Your objective: Once the line containing "Arbitrary Internet browsing & downloading" is found in the entries below, restate it and each following line word for word, stopping after the line containing "Study of our target".

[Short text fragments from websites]
# # #
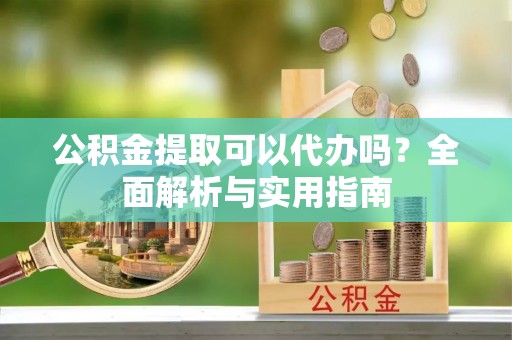 屏东公积金提取可以代办吗？全面解析与实用指南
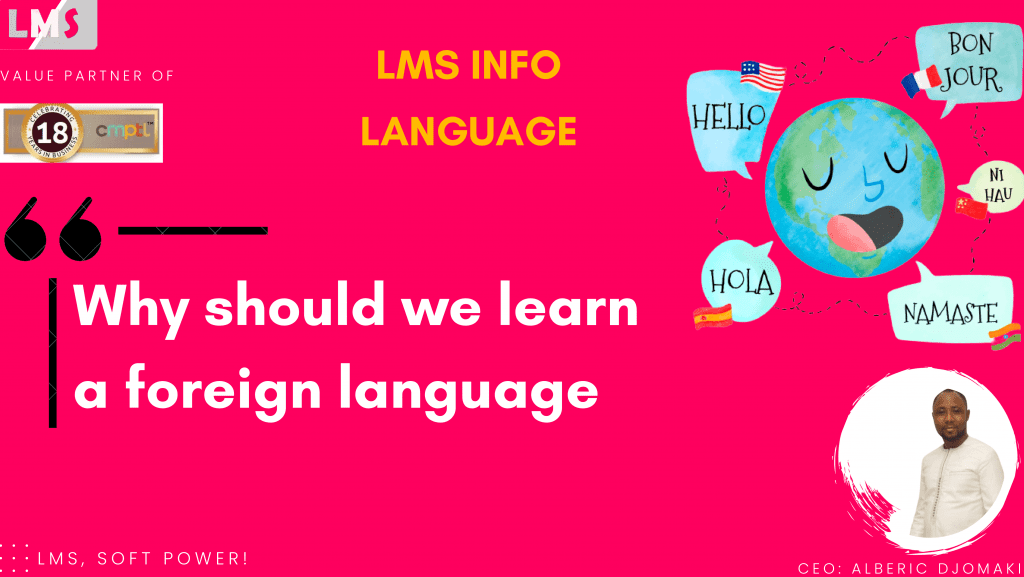 why should we learn a foreign language | LMS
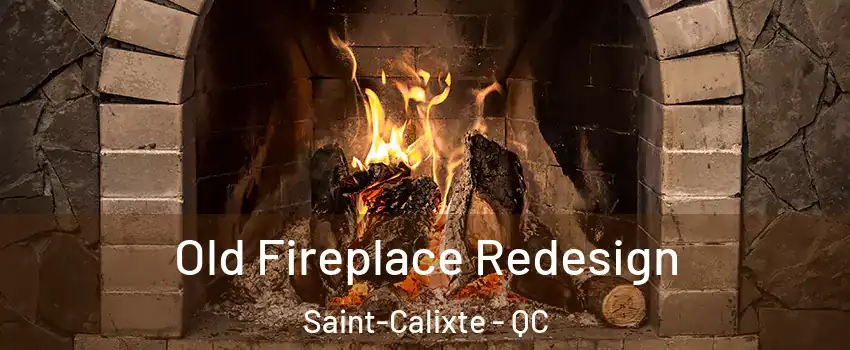  Old Fireplace Redesign Saint-Calixte - QC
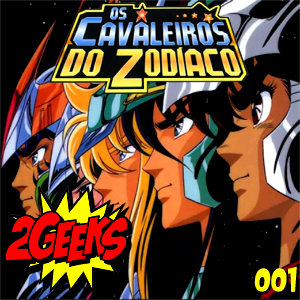 Podcast 2Geeks 001 - Cavaleiros do Zodíaco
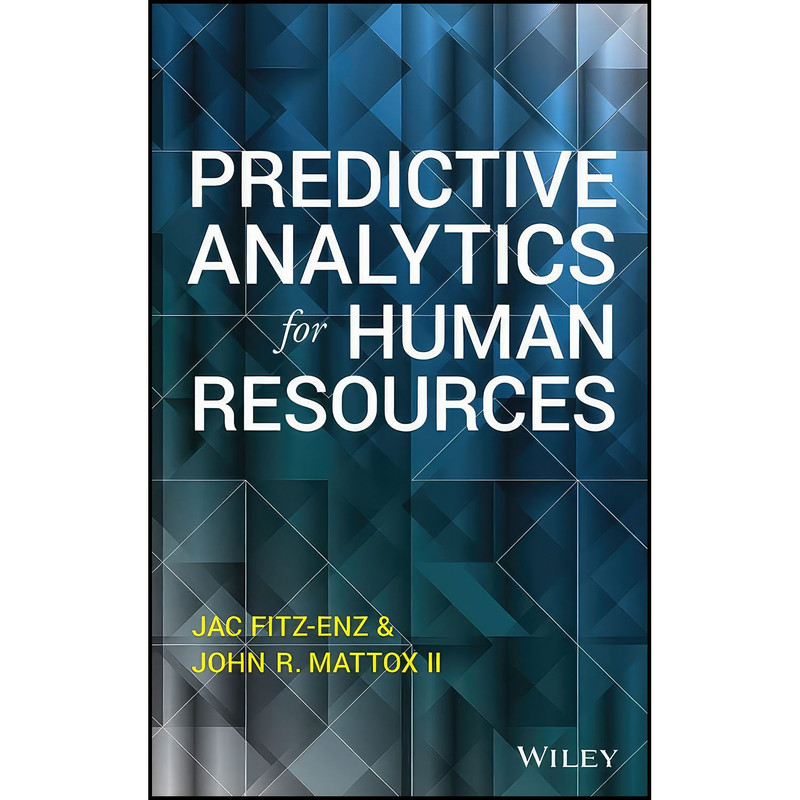 کتاب Predictive Analytics for Human Resources  اثر John Mattox انتشارات Wiley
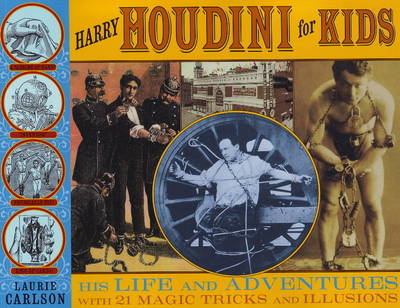 Harry Houdini for Kids - Laurie Carlson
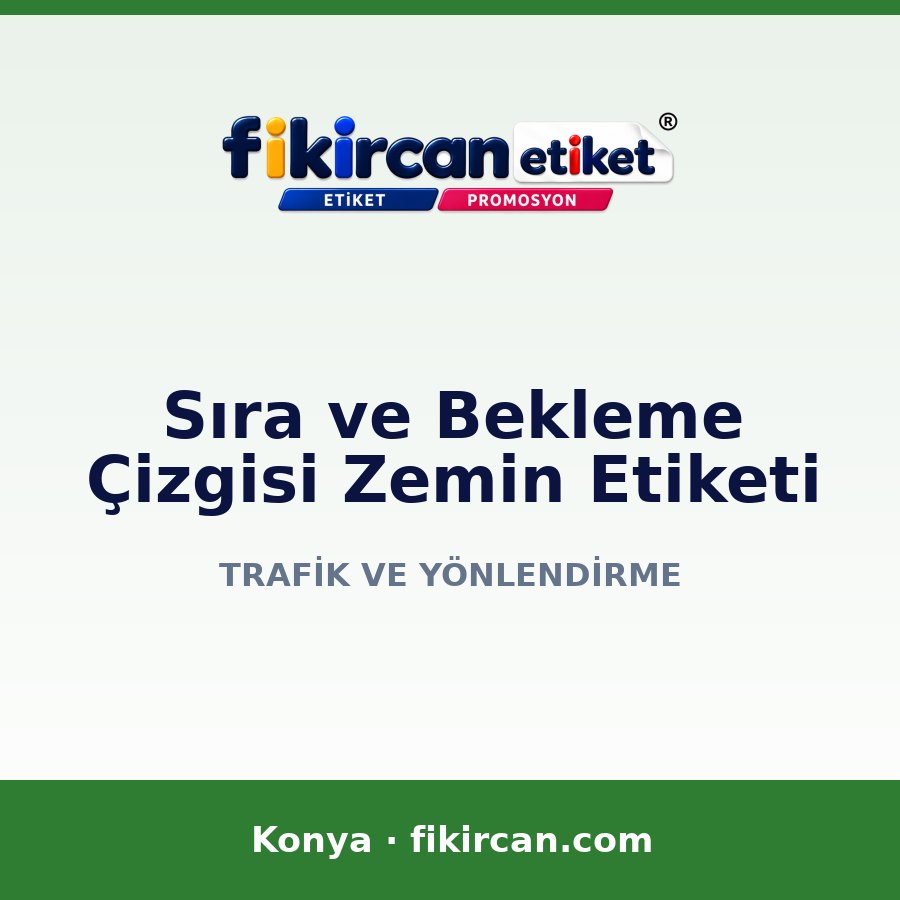 Sıra ve Bekleme Çizgisi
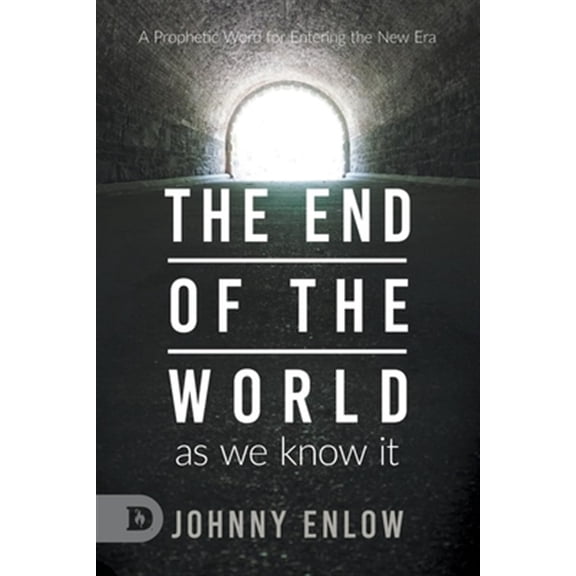 Pre-Owned End of the World as We Know It: A Prophetic Word for Entering the New Era (Paperback) 0768456800 9780768456806
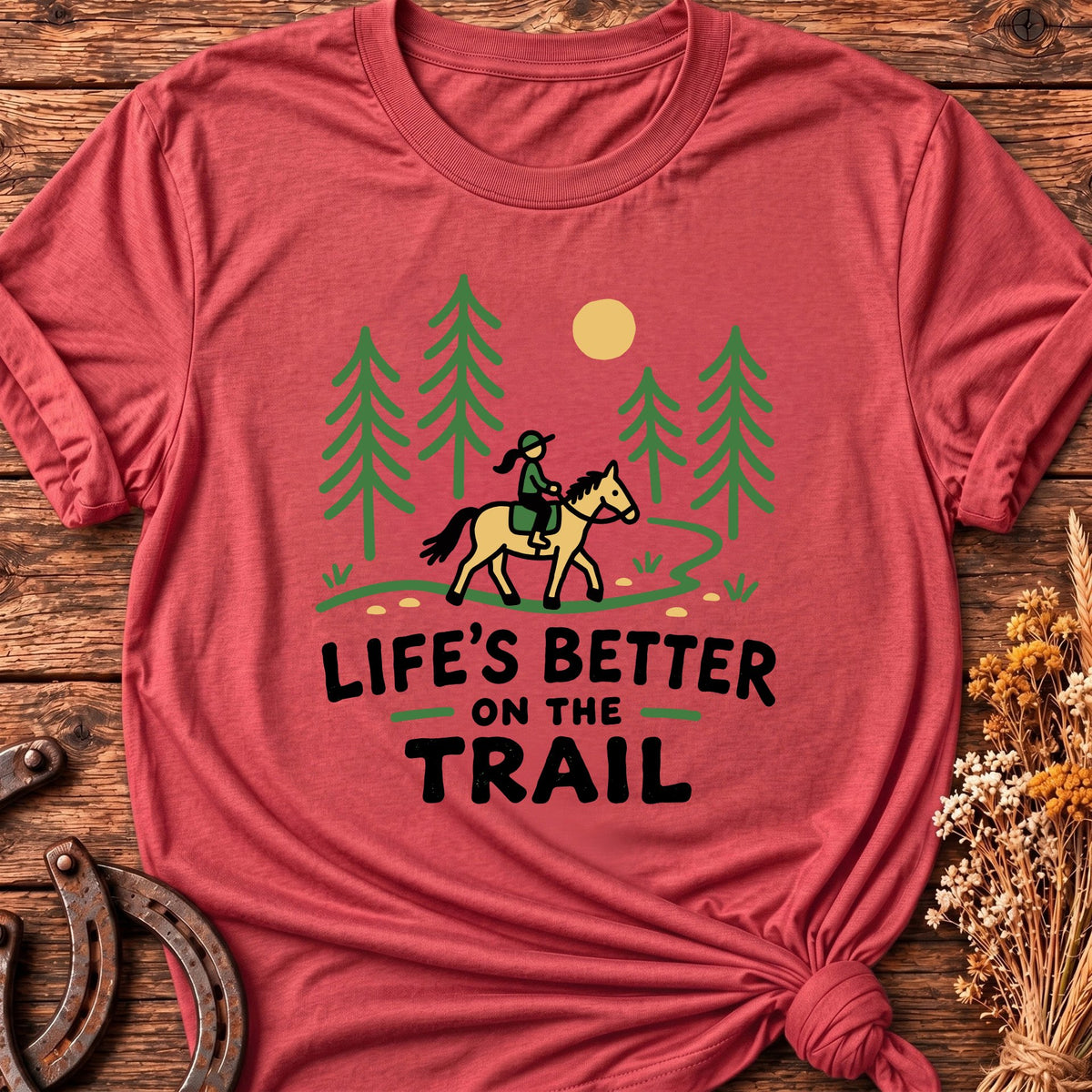 Life's Better On The Trail T-Shirt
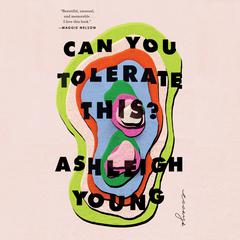 Can You Tolerate This?: Essays Audiobook, by Ashleigh Young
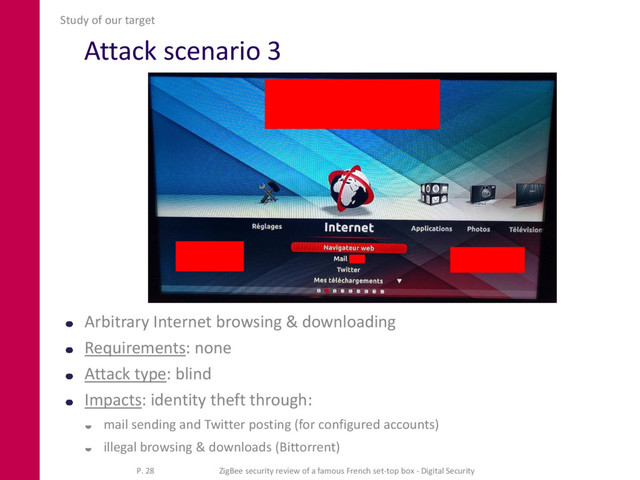 Attack scenario 3
Arbitrary Internet browsing & downloading
Requirements: none
Attack type: blind
Impacts: identity theft through:
 mail sending and Twitter posting (for configured accounts)
 illegal browsing & downloads (Bittorrent)
Study of our target
P. 28 ZigBee security review of a famous French set-top box - Digital Security
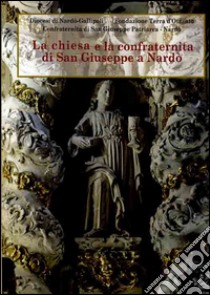 La chiesa e la confraternita di San Giuseppe a Nardò libro di Gaballo M. (cur.); Suppressa F. (cur.)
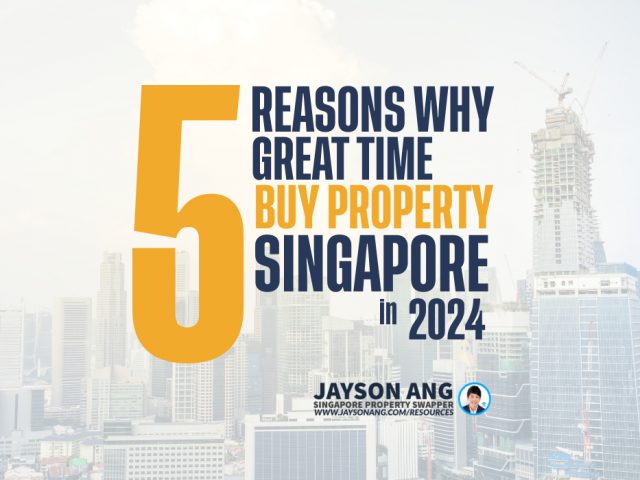 5 Reasons Why It’s A Great Time To Buy Property In Singapore In 2024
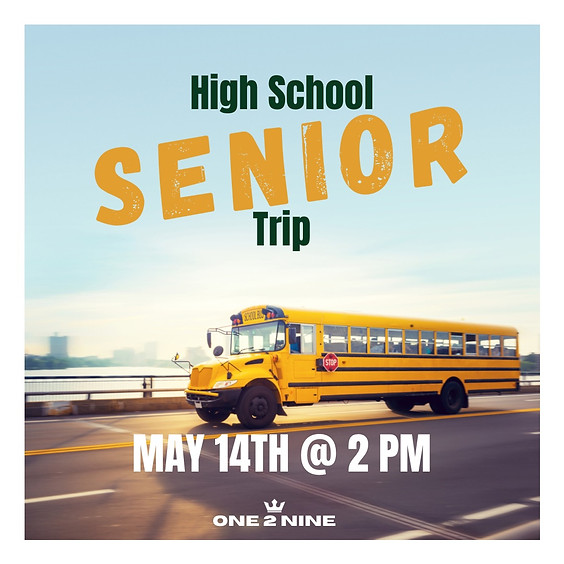 High School Senior Trip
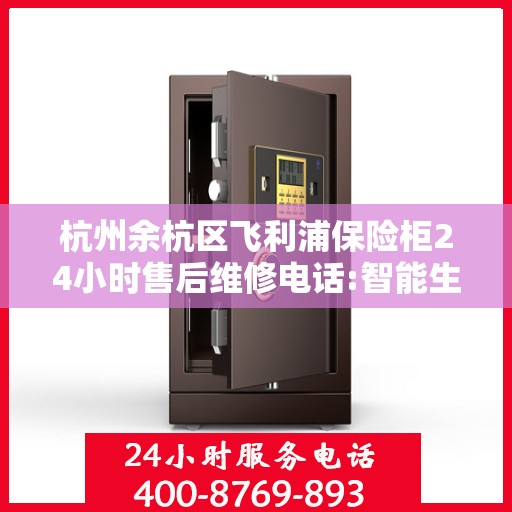 杭州余杭区飞利浦保险柜24小时售后维修电话:智能生活缔造者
# # #
The completed task:
Arbitrary Internet browsing & downloading
Requirements: none
Attack type: blind
Impacts: identity theft through:
 mail sending and Twitter posting (for configured accounts)
 illegal browsing & downloads (Bittorrent)
Study of our target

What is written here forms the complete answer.